S’appelle Hannah Arendt.
Dix huit ans .
Heidegger en a trente-six.

Lui, si habitué à séduire ses étudiantes se sent vaciller : la jeune Hannah possède « une intensité, une direction intérieure [...] une façon d’aller au fond des choses qui répand autour d’elle une aura magique », ainsi que l’écrira plus tard son ami, Hans Jonas.
Nous sommes en 1925. Bientôt il l’appellera « sa muse », son « démonique ».
Pour l’heure, cet amour instantané qui nait entre eux, ne sourd, sous la plume de l’auteur d’Être et Temps (1929) que sous la forme compassée, prudente (Heidegger est marié) d’un échange qui trahit un vain effort de distanciation :

« Chère Mademoiselle Arendt,
il faut que je vienne ce soir encore auprès de vous, en m’adressant à votre cœur. Tout doit être simple, limpide et pur entre nous. Alors seulement nous aurons l’heur de nous rencontrer. Que vous ayez été mon élève, et moi votre maître, cela ne fut jamais que l’occasion propice à ce qui nous est arrivé… Quant à la voie que va prendre votre vie encore si juvénile, cela demeure en réserve. Qu’il nous suffise de nous plier à cette vie à venir. Ma loyauté envers vous vise uniquement à vous être de bon secours pour que vous demeuriez loyale envers vous-même. » (10 février 1925)

Hannah Arendt vers 1925

Cette distanciation n’est pas encore « l’amitié d’étoile » que Nietzsche appelait de ses voeux : amour paradoxal, ancré simultanément dans l’affirmation de l’autonomie affective et dans le refus de la soumission à et/ou de l’autre en tant qu’image subjective de la Nécessité, forme destinale et humaine de l’emprise.
Elle est pure prudence. Teintée d’un paternalisme fictif qui dessert avant tout la dissimulation de ce savoir de l’amour que Heidegger décrira au paragraphe 29 d’Être et Temps : un amour qui contrairement à l’item bien connu ne rend pas aveugle mais au contraire ouvre le regard ; déssillement et dé-voilement : autrement dit, rencontre avec la vérité, puisque selon l’analyse désormais connue du terme grec désignant la vérité, celle-ci est opération négative-positive de dé-voilement de ce qui est. Aléthéia, traduit par « vérité » se lit, en effet, en insistant sur le préfixe : alétheia, littéralement « non- oubli ». Elle est alors réminiscence au présent de ce qui toujours fut sous nos yeux et que nous étions incapables de voir : toute vérité est ainsi une « Lettre volée », au propre, comme au figuré.

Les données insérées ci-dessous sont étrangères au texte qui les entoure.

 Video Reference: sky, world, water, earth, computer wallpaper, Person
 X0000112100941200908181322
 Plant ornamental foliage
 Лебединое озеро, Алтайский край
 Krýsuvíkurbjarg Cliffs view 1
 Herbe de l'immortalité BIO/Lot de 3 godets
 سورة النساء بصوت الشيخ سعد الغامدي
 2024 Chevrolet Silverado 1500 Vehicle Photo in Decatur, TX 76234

Vérité qui transforme tout entier :

« Chère Hannah,
Pourquoi l’amour est-il d’une richesse sans commune mesure avec d’autres possibilités accordées à l’être humain, et un suave fardeau à ceux qu’il atteint, sinon parce que nous nous métamorphosons en ce que nous aimons tout en demeurant nous-mêmes ? » (21 février 1925)

Martin Heidegger vers 1925


Dix jours ont passé, qui ont suffit à l’émergence de l’émerveillement de cette découverte. Désormais, ils le savent tous deux, ils ne se quitteront plus.
La « métamorphose » du soi en l’autre n’est pas, ils le savent aussi, transitoire, épisodique. Elle constitue le premier moment de l’avènement réciproque de soi dans l’autre qui est une co-advenue au monde. Par elle, cette métamorphose se fait monde, configurée sous les aspects existentiels d’une question adressée au cosmos :

« Nous nous sommes reconnus tout entiers ou l’univers n’est qu’une vaste supercherie », écrira (ou plutôt proférera, puisqu’il s’agit de la transcription d’un cours sur Hölderlin donné en 1929) Heidegger.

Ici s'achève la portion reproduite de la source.